Basket of Deplorables Revisited: Grizzly Bears at the Mercy of Wyoming

Recent statements by politicians as well as grizzly managers and researchers in the Yellowstone ecosystem have revealed much about not only their motivations, but also the masters they serve.  Official communications have been resoundingly and selectively silent about certain critical issues. At the same time, and more alarming yet, some managers and politicians have gone out of their way to tacitly incite violence and even criminality. But then, such behaviors are not new, especially on the part of Wyoming officials who routinely exploit controversies surrounding grizzly bear management to advance the interests of a regressive constituency.

A Judge Rules

Much of the posturing, propaganda, and vitriol was unleashed in the run up to and aftermath of a ruling by Montana federal district judge, Dana Christensen, regarding the legality of the US Fish & Wildlife Service’s 2017 removal of Endangered Species Act (ESA) protections for Yellowstone’s isolated grizzly bear population. Judge Christensen ruled that removal of protections was, in fact, illegal based on several violations of the ESA, including failures in procedure, analysis, and treatment of invoked science.

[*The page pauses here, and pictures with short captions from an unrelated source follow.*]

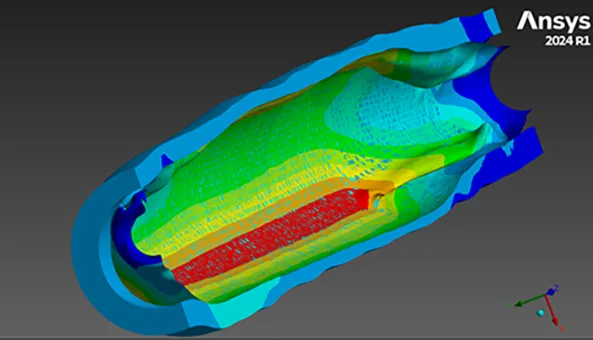 Balloon inflated in the artery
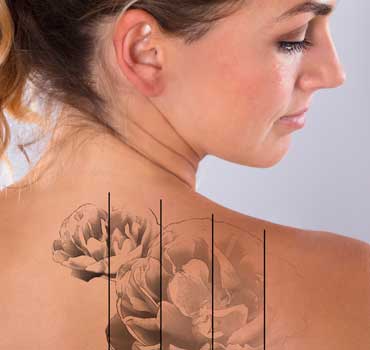 Lasertattooremoval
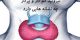 تیروئید پر کار و کم کار چه نشانه هایی دارد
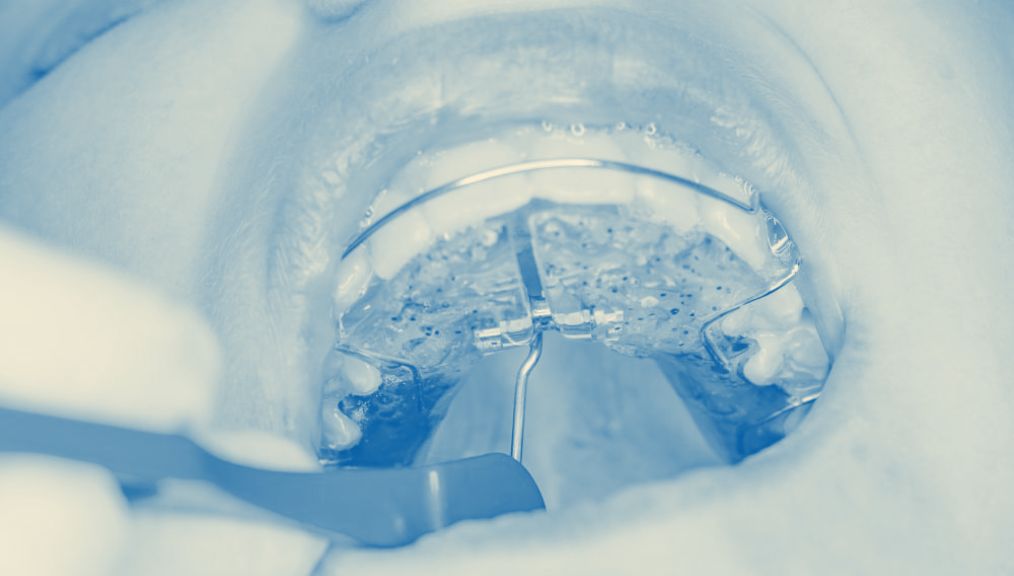 palatal-expander-kids-dentist-central-ab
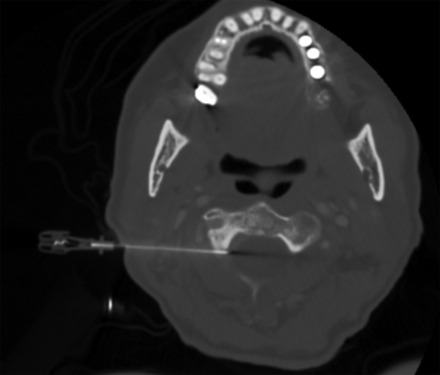 Fig 3.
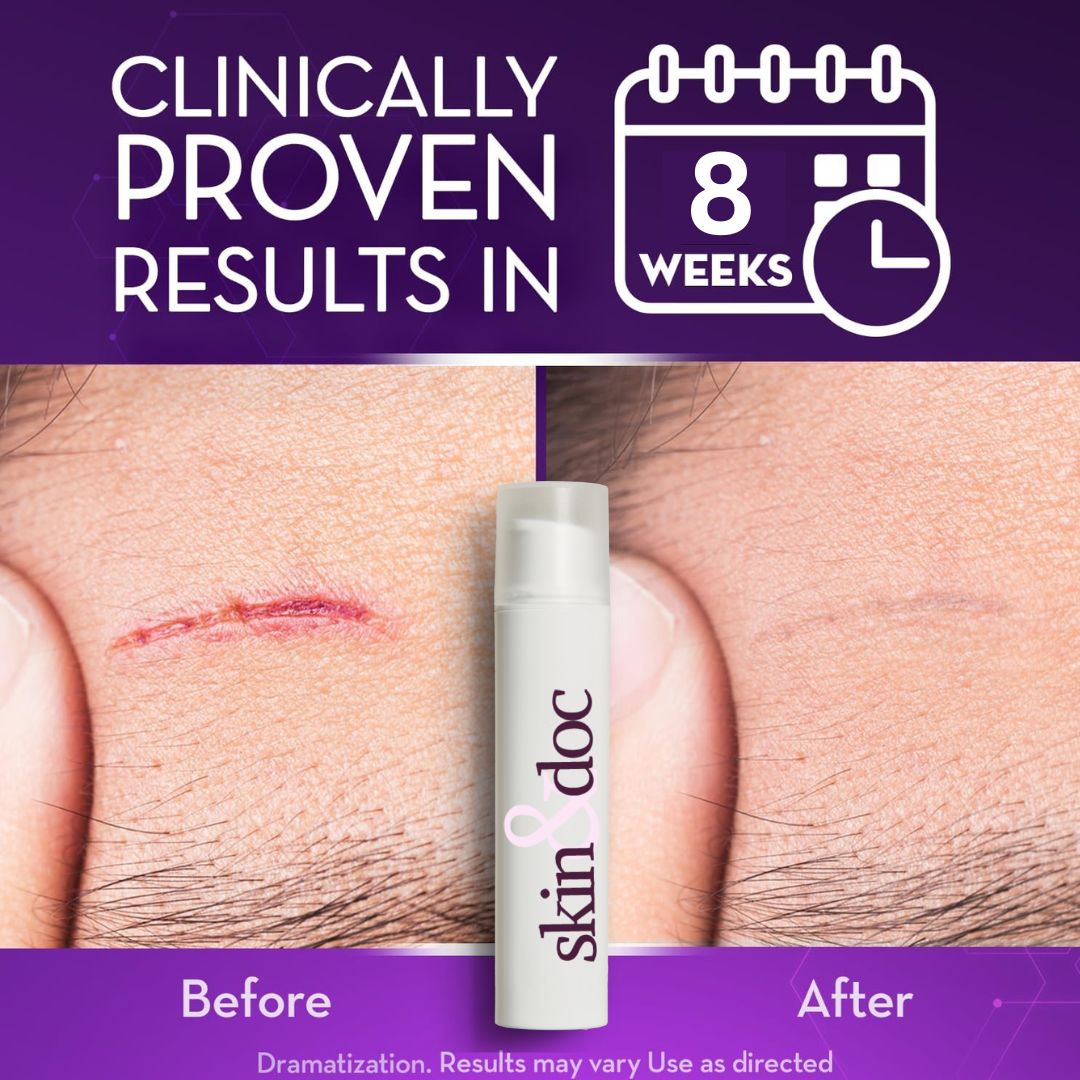 Skin & Doc Advanced Silicone Scar Gel - Clinically Proven Scar Reduction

As a result, ESA protections were reinstated on September 24th, preceded by a series of two Temporary Restraining Orders, the first issued on August 30th, which prevented Wyoming and Idaho from proceeding with trophy hunts planned to begin September 1st.

Since then, a storm of sometimes hysterical rhetoric has broken out, nowhere more so than in Wyoming.

Incitements to Violence

Perhaps one of the more egregious examples of tacit incitement and disrespect for judicial deliberations was on display during a recent meeting of Commissioners for Park County, Wyoming. The Commissioners vacillated among insulting Judge Christensen, displaying profound ignorance about the Judge’s ruling itself, predicting apocalyptic consequences arising from continued ESA protections, and speculating that “people” would start taking the law into their own hands—by killing grizzly bears.

The last sort of remark could be viewed as simply an observation, but the tenor of comments by Commissioners such as Tim French came across as encouraging the very sort of criminality that he was anticipating—and malicious killing is criminal. There was also a disturbing tone of entitlement in remarks by Commissioners such as Lee Livingston, suggesting that simply because a small constituency of hunters and outfitters had been required to take reasonable measures for coexisting with bears, and prohibited from killing them at will, that the federal government “owed” them the opportunity to resume their old ways, including the profitable pursuit of outfitting grizzly bear trophy hunts. And it would be the outfitters who profit most from a hunt, not any of the state wildlife management agencies that would be charging a comparative pittance for grizzly bear hunting licenses.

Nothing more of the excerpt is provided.